**Exercise**
Reproduce exactly, from the data that follows, the line with "MICHAEL KORS Black", the line with "Greenwood Avenue, West Sussex, PO22", and every line that lies between them.

**Data provided**
•••
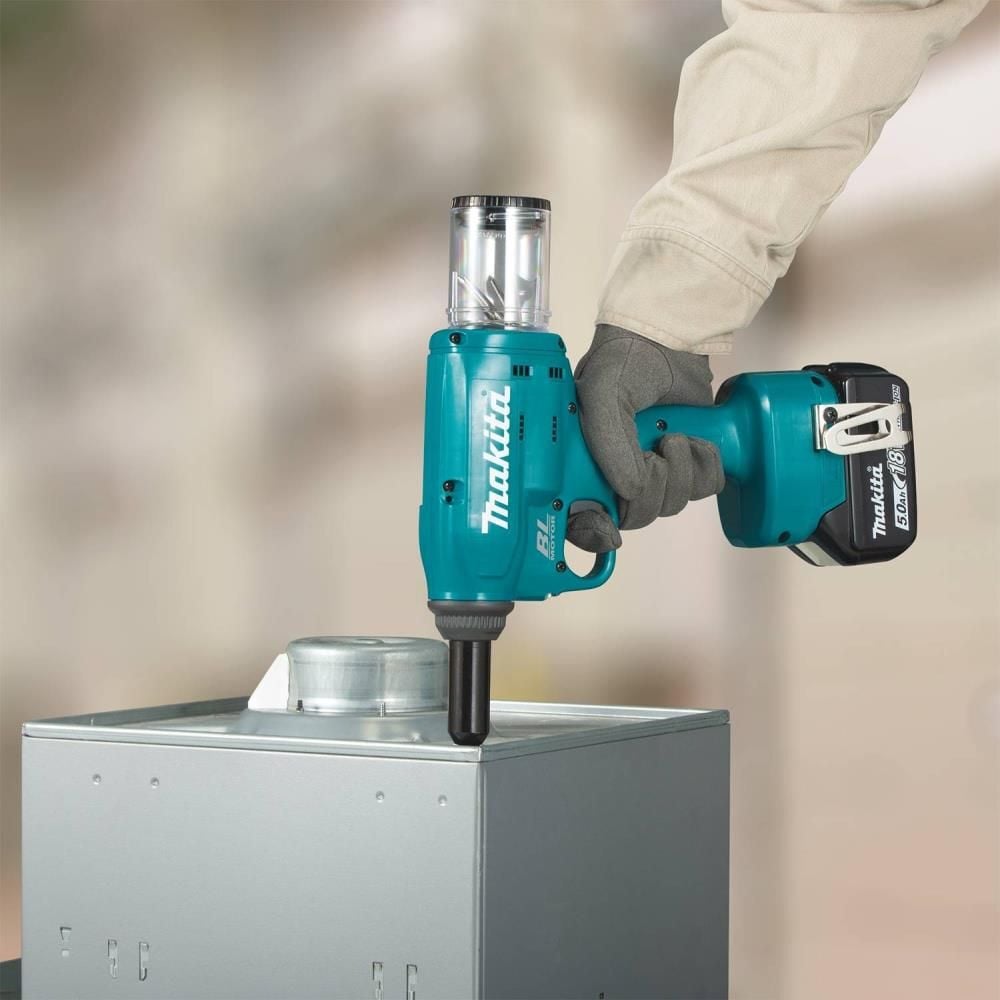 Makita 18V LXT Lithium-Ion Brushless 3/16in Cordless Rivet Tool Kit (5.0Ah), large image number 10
•••
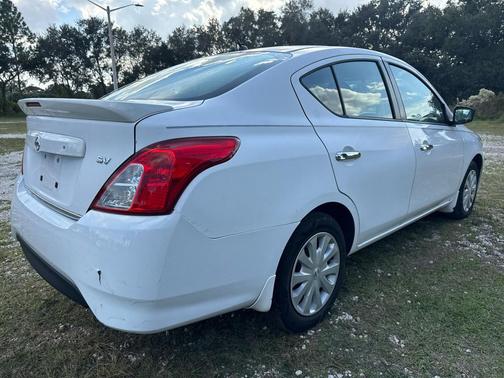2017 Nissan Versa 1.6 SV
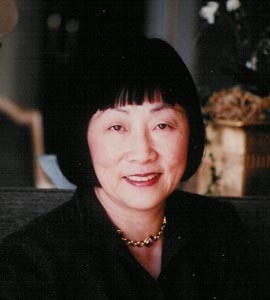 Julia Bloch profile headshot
•••
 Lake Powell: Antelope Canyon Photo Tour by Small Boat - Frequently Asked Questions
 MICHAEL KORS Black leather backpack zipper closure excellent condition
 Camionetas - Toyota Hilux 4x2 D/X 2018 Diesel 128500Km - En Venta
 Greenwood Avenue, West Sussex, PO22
•••
**Answer for the task**
 MICHAEL KORS Black leather backpack zipper closure excellent condition
 Camionetas - Toyota Hilux 4x2 D/X 2018 Diesel 128500Km - En Venta
 Greenwood Avenue, West Sussex, PO22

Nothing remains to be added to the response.